Ogni anno 560 euro di cibo
nella spazzatura a famiglia
"Se secondo una ricerca presentata dal Banco Alimentare 3 milioni di persone sono sotto la soglia di povertà alimentare in Italia, dall’altra parte in un anno le famiglie gettano cibo per un valore di 560 euro. Ci sono soprattutto gli avanzi quotidiani della tavola, ma anche prodotti scaduti o andati a male come frutta, verdura, pane, pasta, latticini e gli affettati che si classificano tra i prodotti più a rischio. (...) Pochi centesimi nei campi diventano euro al consumo con il risultato che c’è stato un aumento della forbice nel passaggio dei prodotti dal campo alla tavola, durante il quale i prezzi degli alimenti moltiplicano oggi in media cinque volte. Gli italiani spendono 205 miliardi all'anno in alimenti e bevande (141 miliardi in famiglia e 64 fuori) che rappresentano ben il 19% della spesa familiare ed è quindi necessario interrompere un trend che impoverisce cittadini e imprese agricole in un difficile momento di crisi economica.

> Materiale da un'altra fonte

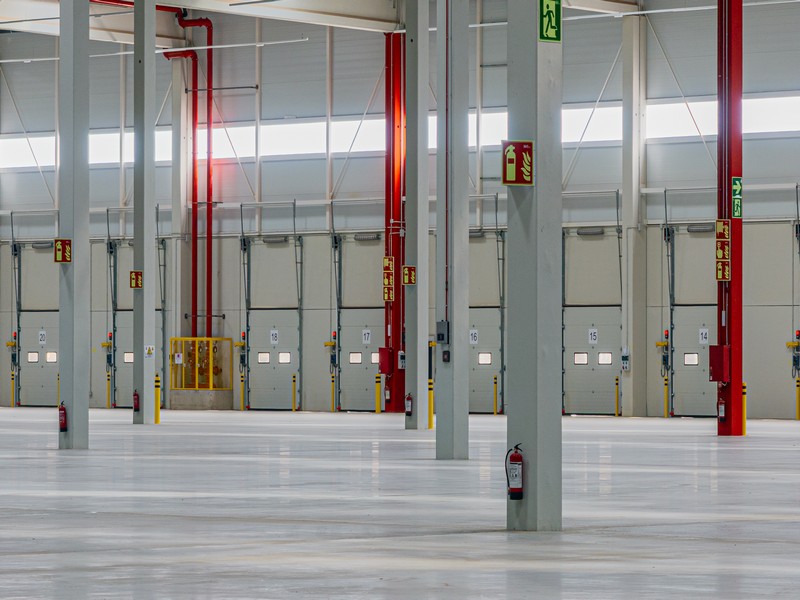 Nave Logística en Alquiler en Sant Fruitós de Bages 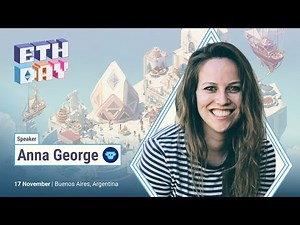 Making DeFi Truly Cross-Chain by Anna George - Devconnect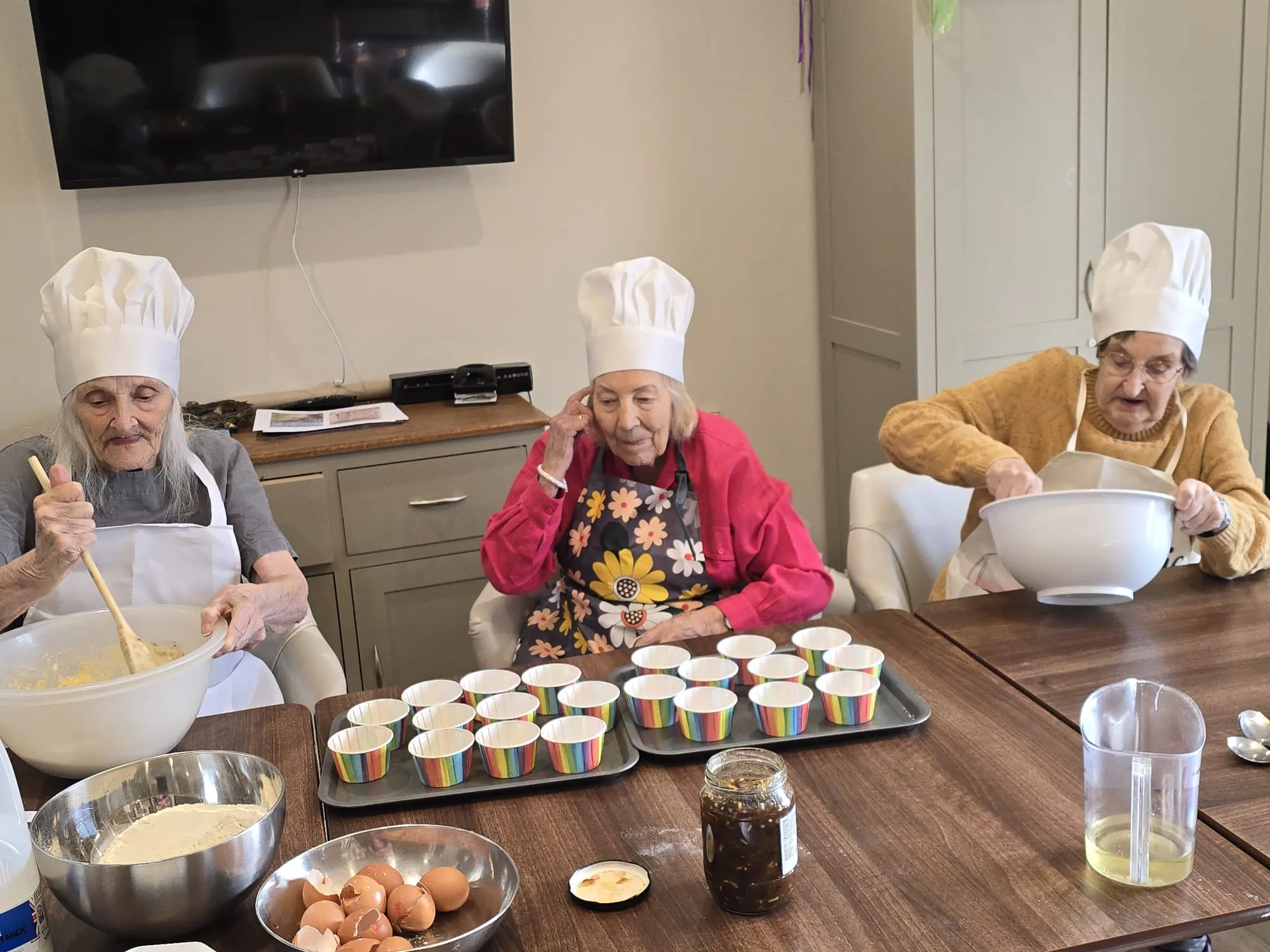 Muffin Bakes - Yummy Cakes!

La Coldiretti conclude: «Con il 10% della spesa alimentare degli italiani che finisce nella spazzatura, è insopportabile che il 4,4% delle famiglie residenti in Italia, per un totale di tre milioni di persone, viva sotto la soglia di povertà alimentare. Nel bidone finisce infatti una quantità di cibo sufficiente a sfamare più del doppio delle persone in indigenza alimentare»."
Queste le cifre sulle quali riflettere e con le quali fare i conti in una quotidianità riempita da carrelli stracolmi e cattive abitudini. Nessuno di noi può e deve sottrarsi ad una severa autocritica: i nostri rifiuti parlano di noi! Fagocitiamo cibo, piuttosto che trarre nutrimento e piacere da esso, come solo l'uomo intelligente sa fare. Rinneghiamo la nostra stessa natura, a danno non solo della nostra salute, ma anche del futuro del pianeta. Dopo tutto, per usare le parole di Vandana Shiva, “Il corpo del bambino obeso occidentale e lo scheletro di quello africano sono il prodotto dello stesso sistema alimentare”.